§ **Given data**:

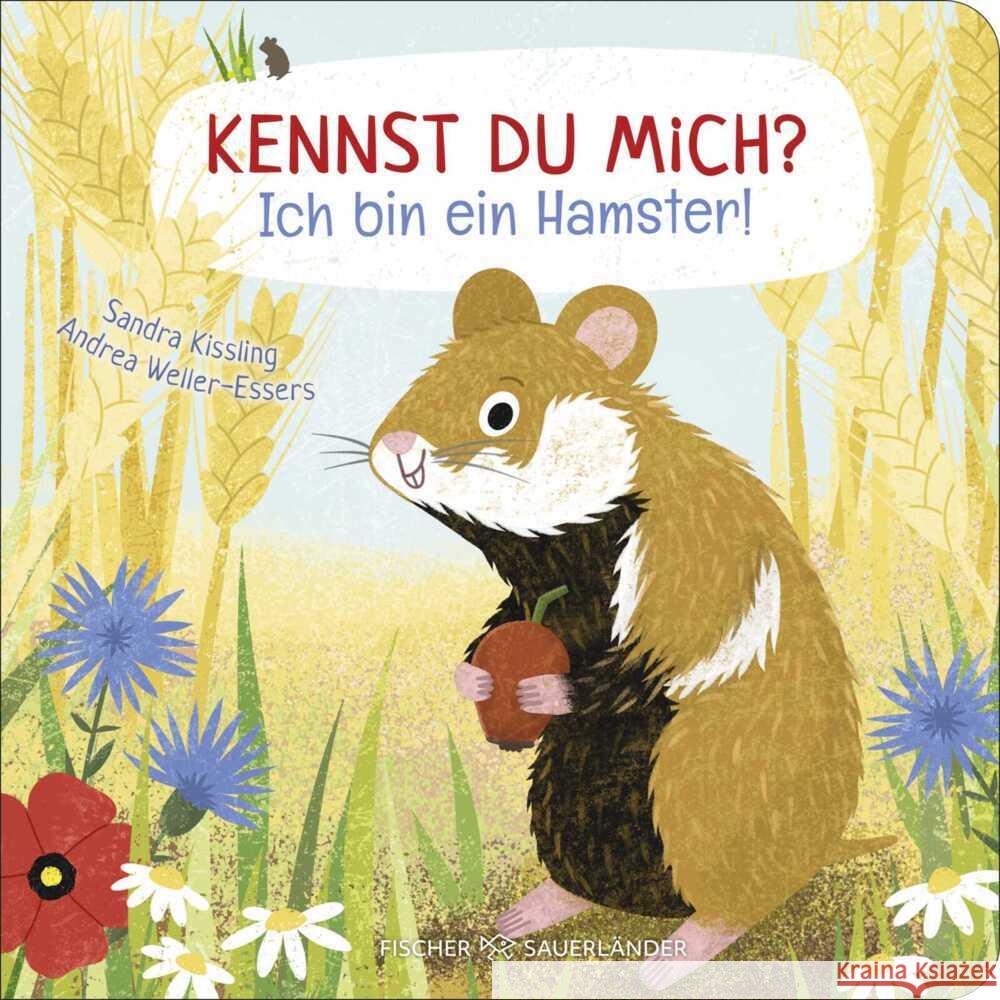 Kennst du mich? Ich bin ein Hamster! Weller-Essers, Andrea 9783737373166 FISCHER Sauerländer - książka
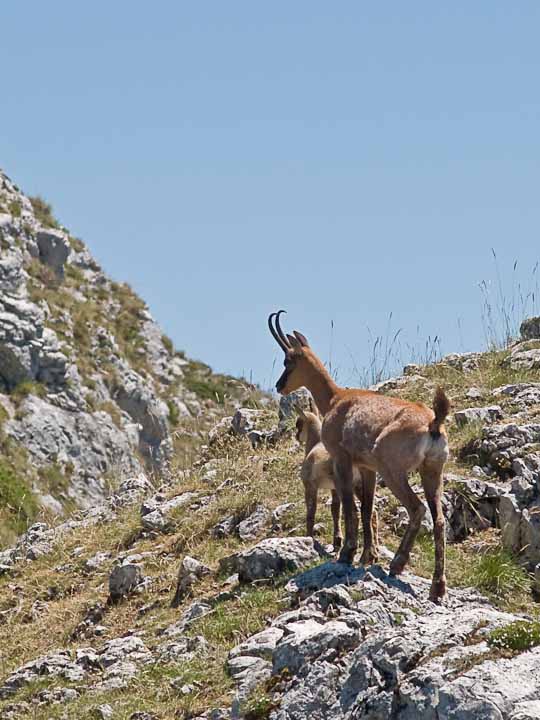 Camoscio d''Abruzzo Rupicapra pyrenaica ornata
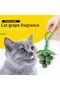 Healthy Teeth-Cleaning Catnip Ball - Refreshes Breath & Promotes Digestion in Cats - 3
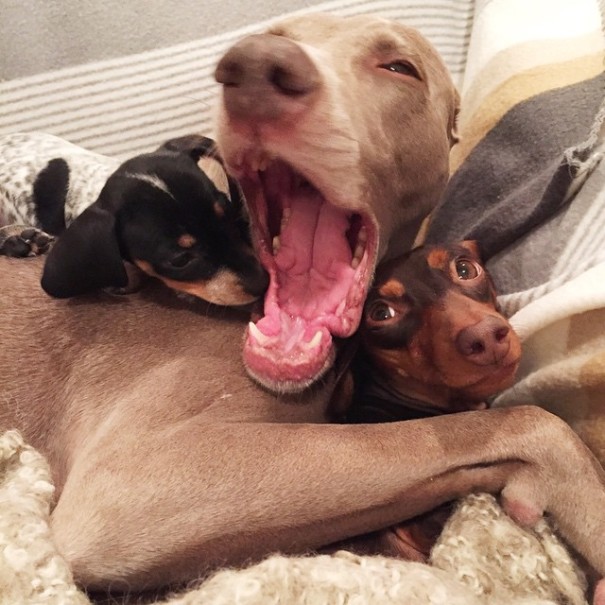 Harlow And Indiana Add A New Puppy To Their Doggie Duo (15 pics)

§ **What to do**: Your copy should match the material above exactly, minus its pictures.

§ **Answer for the task**:
 Kennst du mich? Ich bin ein Hamster! Weller-Essers, Andrea 9783737373166 FISCHER Sauerländer - książka
 Camoscio d''Abruzzo Rupicapra pyrenaica ornata
 Healthy Teeth-Cleaning Catnip Ball - Refreshes Breath & Promotes Digestion in Cats - 3
 Harlow And Indiana Add A New Puppy To Their Doggie Duo (15 pics)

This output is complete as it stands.